### YOUR TASK:
Everything in the entries below must be reproduced exactly, except the images.

### EXTRACTED ENTRIES:
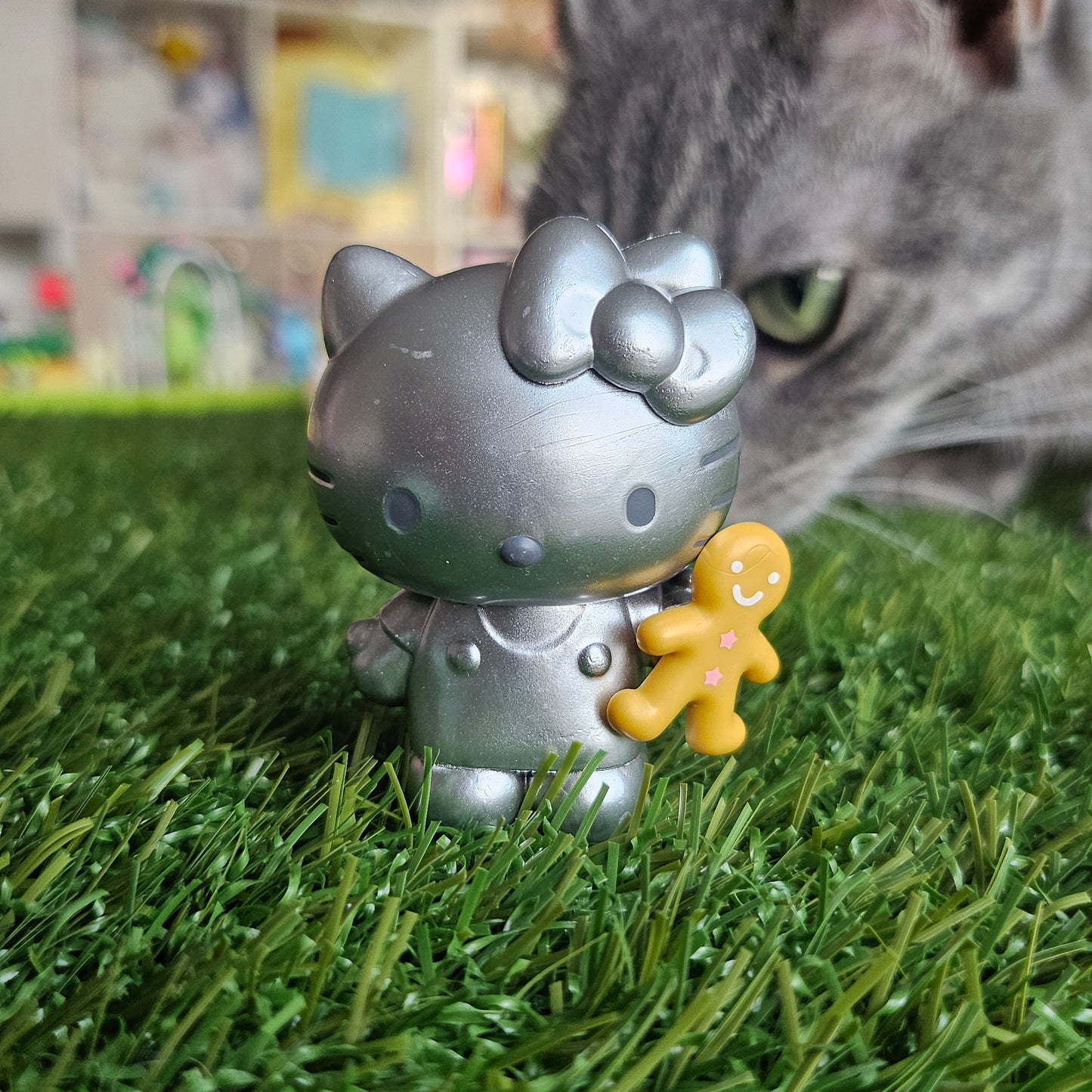 silver hk and gingerbread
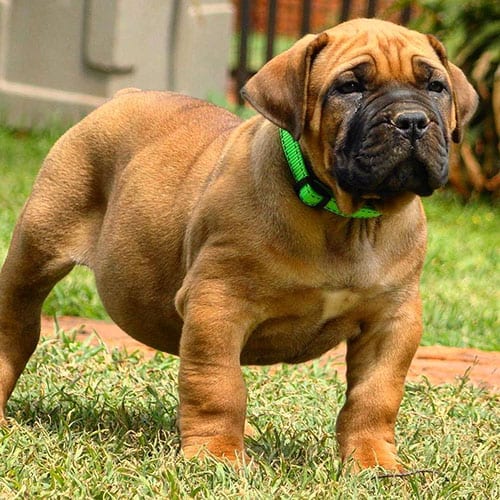 Boerboel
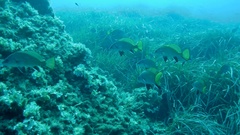 Sciaena umbra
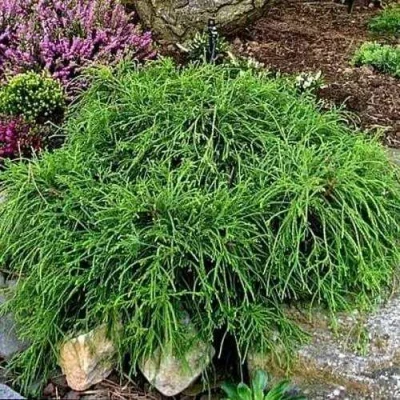 Кипарисовик ФИЛИФЕРА НАНА горохоплодный в Тюмени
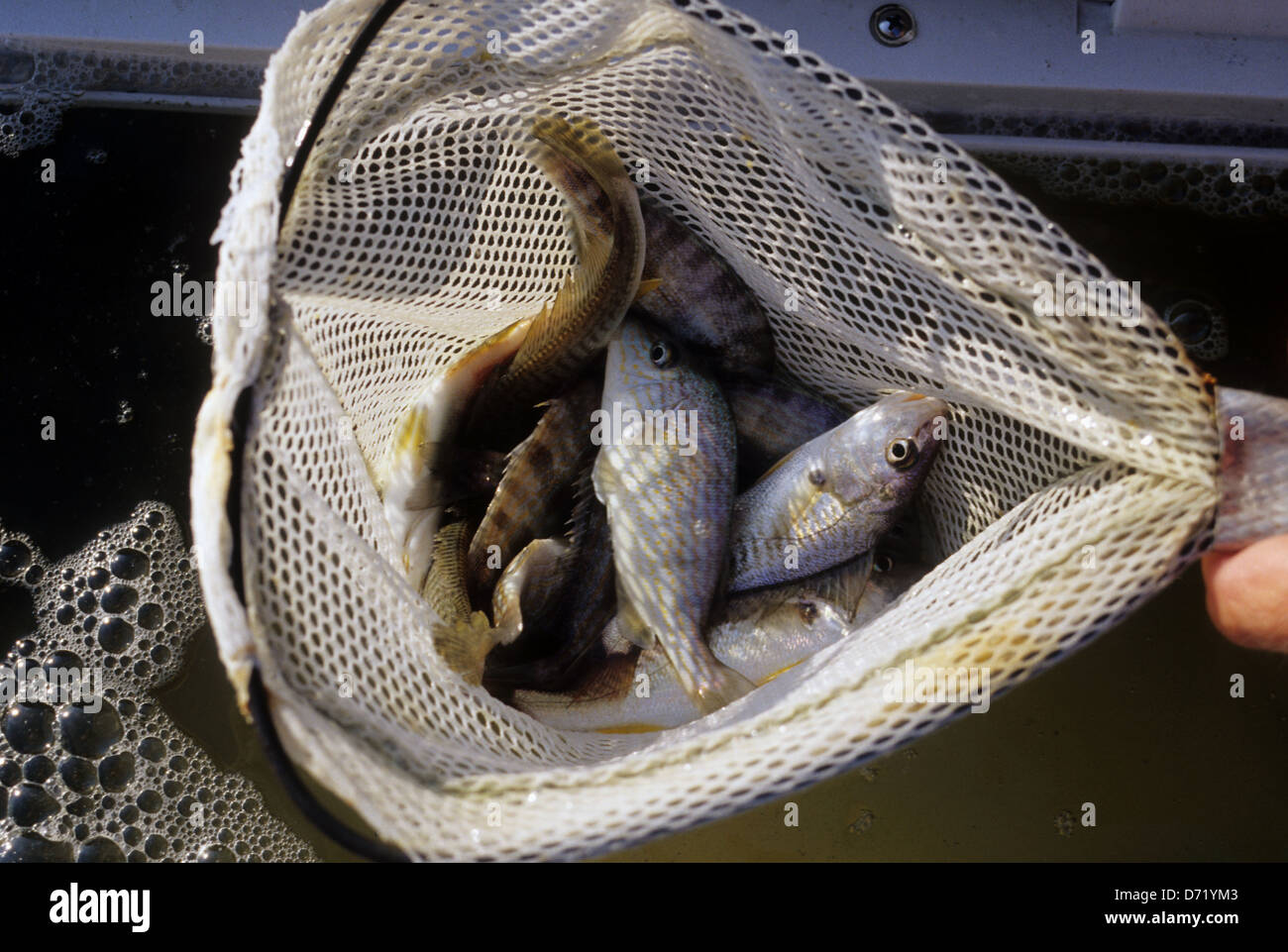 Live croakers used for bait while fishing for speckled trout at Arroyo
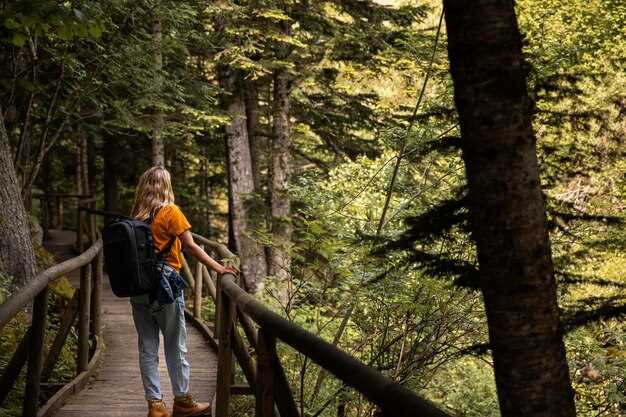 Safety and etiquette for beech forest hikes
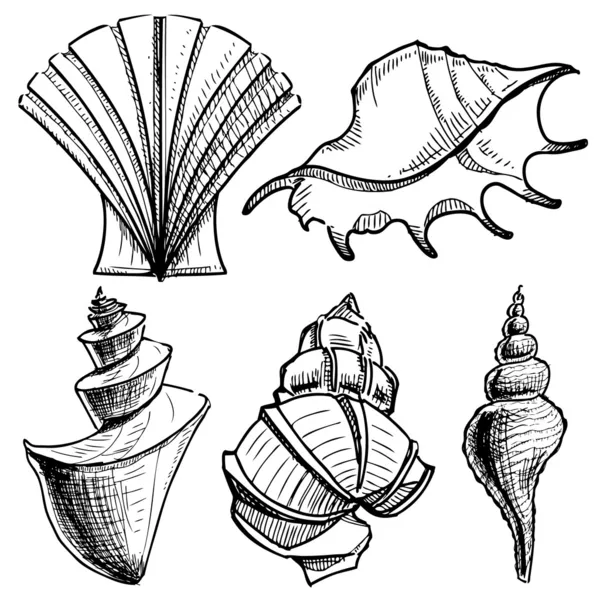Deniz kabukları koleksiyonu. El çizimi sketch vektör çizim — Stok Vektör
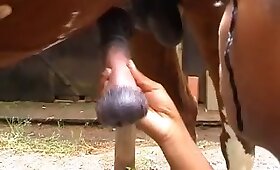 horse fuck porn, girl fucks animal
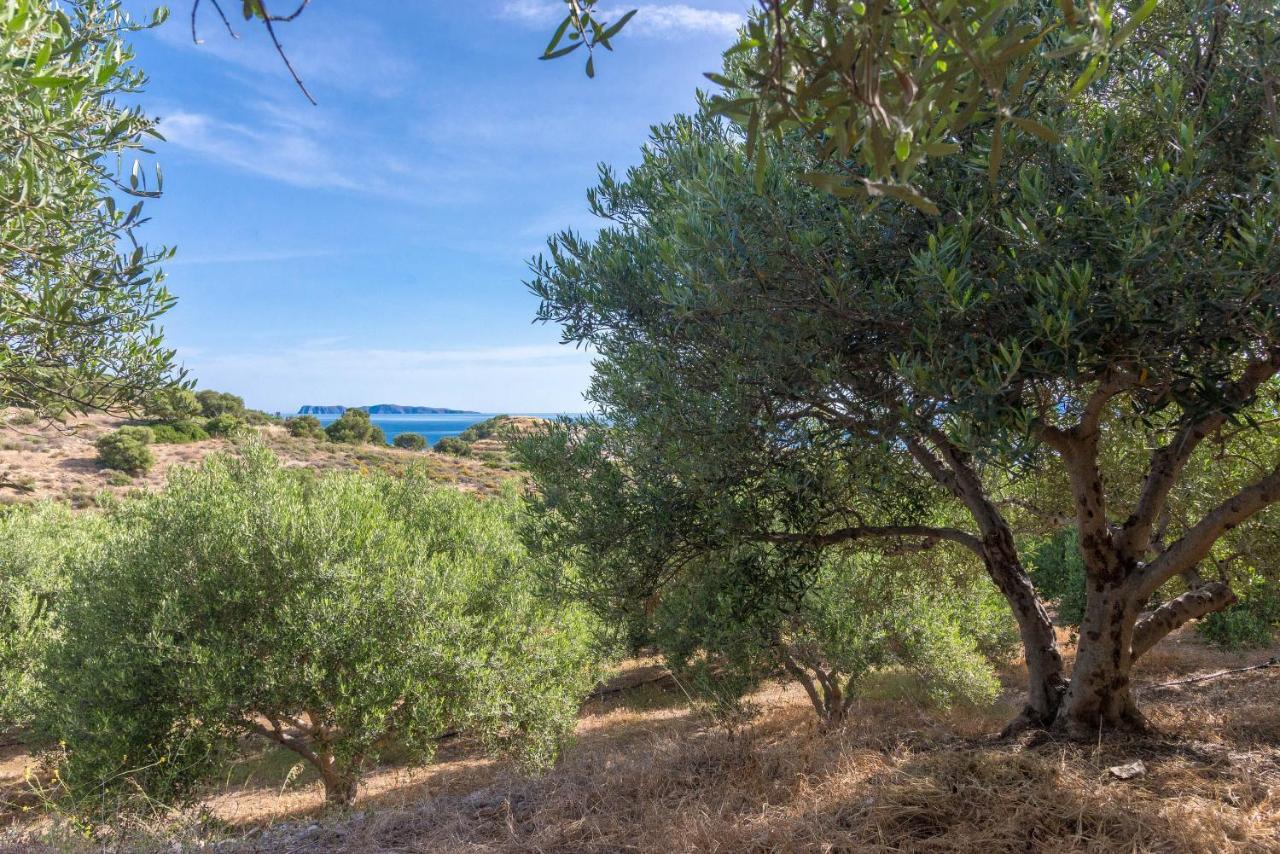 Villa Palma Sitia  Bagian luar foto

### YOUR SOLUTION:
 silver hk and gingerbread
 Boerboel
 Sciaena umbra
 Кипарисовик ФИЛИФЕРА НАНА горохоплодный в Тюмени
 Live croakers used for bait while fishing for speckled trout at Arroyo
 Safety and etiquette for beech forest hikes
Deniz kabukları koleksiyonu. El çizimi sketch vektör çizim — Stok Vektör
 horse fuck porn, girl fucks animal
 Villa Palma Sitia  Bagian luar foto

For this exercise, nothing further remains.